If Jesus only came into existence when God inseminated Mary, then he is less than Adam, because Adam was created, while Jesus was only procreated like the rest of us—just without inherited sin. Additionally, such a belief has Jesus giving up nothing because he had nothing to give up. He made no sacrifice, because his life as a human was win-win. If he succeeded, he’d get an even bigger prize, and if he failed, well, he’s just be like the rest of us, but at least he would have lived for a while. Better than the nothingness he had prior to being born.

John’s reasoning that “God loved the world so much that he gave his only-begotten Son” loses all its force. (John 3:16 NWT) Many men have given their only son to die on the battlefield for their country. How is God’s procreation of a single human—one more out of billions—really that special?

Neither is Jesus’ love so special under this scenario. He had everything to gain and nothing to lose. Jehovah asks all Christians to be willing to die rather than compromise their integrity. How would that differ from the death Jesus died, if he is just another human like Adam?

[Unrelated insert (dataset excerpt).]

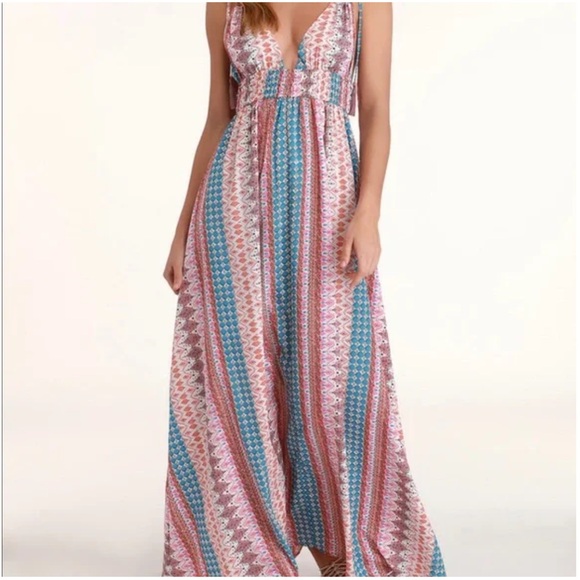 LULU'S Colorful! Indian Block Print Summer Maxi Dress. Sz Small. EUC - Picture 2 of 7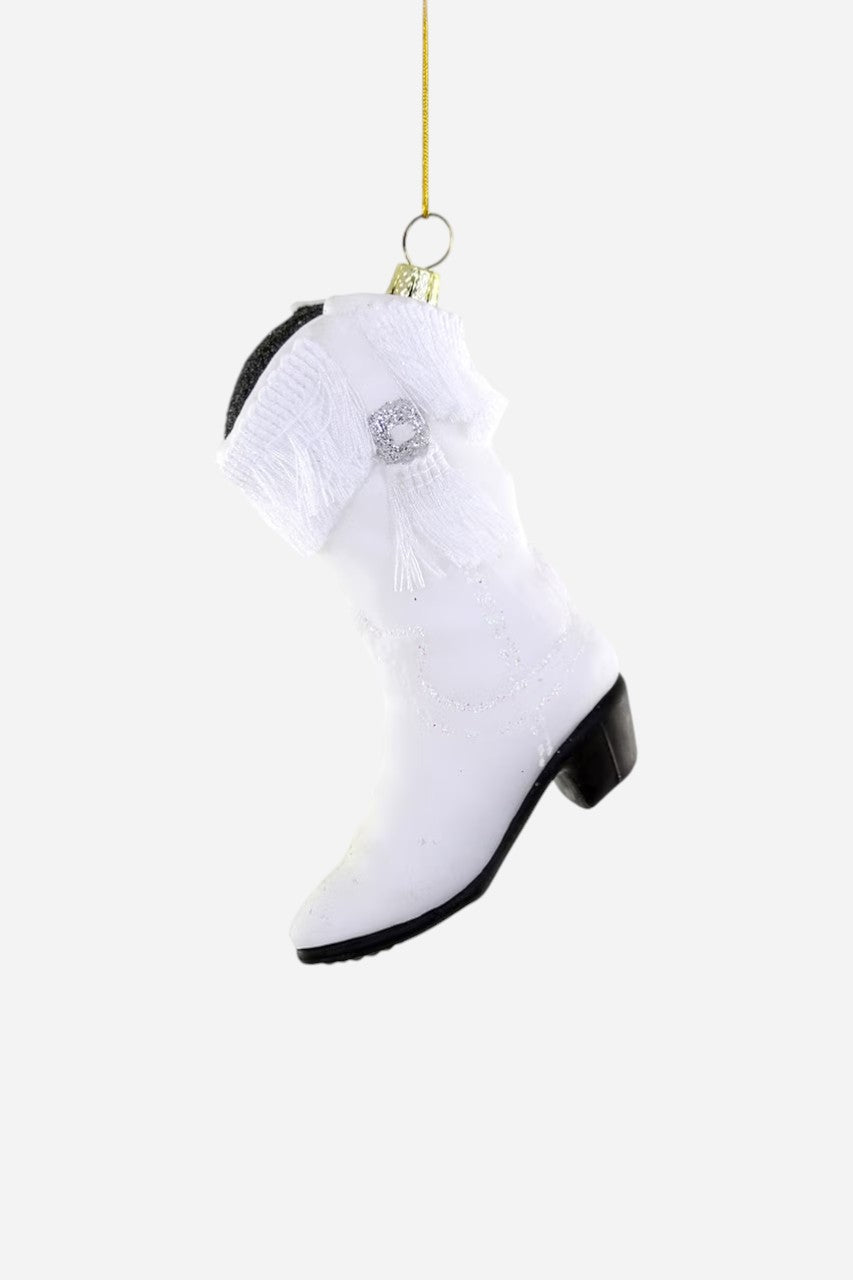 Fringe Cowboy Boot White Ornament – front view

One way we can blaspheme Jehovah or Jesus is to question their character. Denying Jesus came in the flesh is to be an antichrist. (1 John 2:22; 4:2, 3) Can denying he didn’t empty himself, humble himself, sacrifice all he had to take a slave’s form, be any less like an antichrist? Such a position denies the fullness of both Jehovah’s love and that of his only-begotten Son.

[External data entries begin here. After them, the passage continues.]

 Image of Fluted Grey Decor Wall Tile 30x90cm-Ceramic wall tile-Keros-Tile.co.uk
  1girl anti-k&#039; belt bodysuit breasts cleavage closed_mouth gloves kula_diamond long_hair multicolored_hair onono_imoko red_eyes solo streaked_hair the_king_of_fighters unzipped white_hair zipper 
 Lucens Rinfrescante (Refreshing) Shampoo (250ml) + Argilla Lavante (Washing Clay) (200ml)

God is love. It is his defining characteristic or quality. His love would demand he give his most. Saying he didn’t give us his firstborn, his only-begotten, the one who existed before all others, is to say he gave us as little as he could get away with. It demeans him and it demeans Christ and it treats the sacrifice both Jehovah and Jesus made as of little value.

“How much greater punishment do you think a person will deserve who has trampled on the Son of God and who has regarded as of ordinary value the blood of the covenant by which he was sanctified, and who has outraged the spirit of undeserved kindness with contempt?” (Heb 10:29 NWT)

In Summary

Speaking for myself, this four-part series into the nature of Logos has been very illuminating, and I am grateful for the opportunity as it has forced me to examine things from a number of new perspectives, and the insight gained from the many comments you have all made along the way has enriched not only my understanding, but those of many others.

We have barely scratched the surface of the knowledge of God and Jesus. That is one of the reasons we have everlasting life before us, so that we can continue to grow in that knowledge.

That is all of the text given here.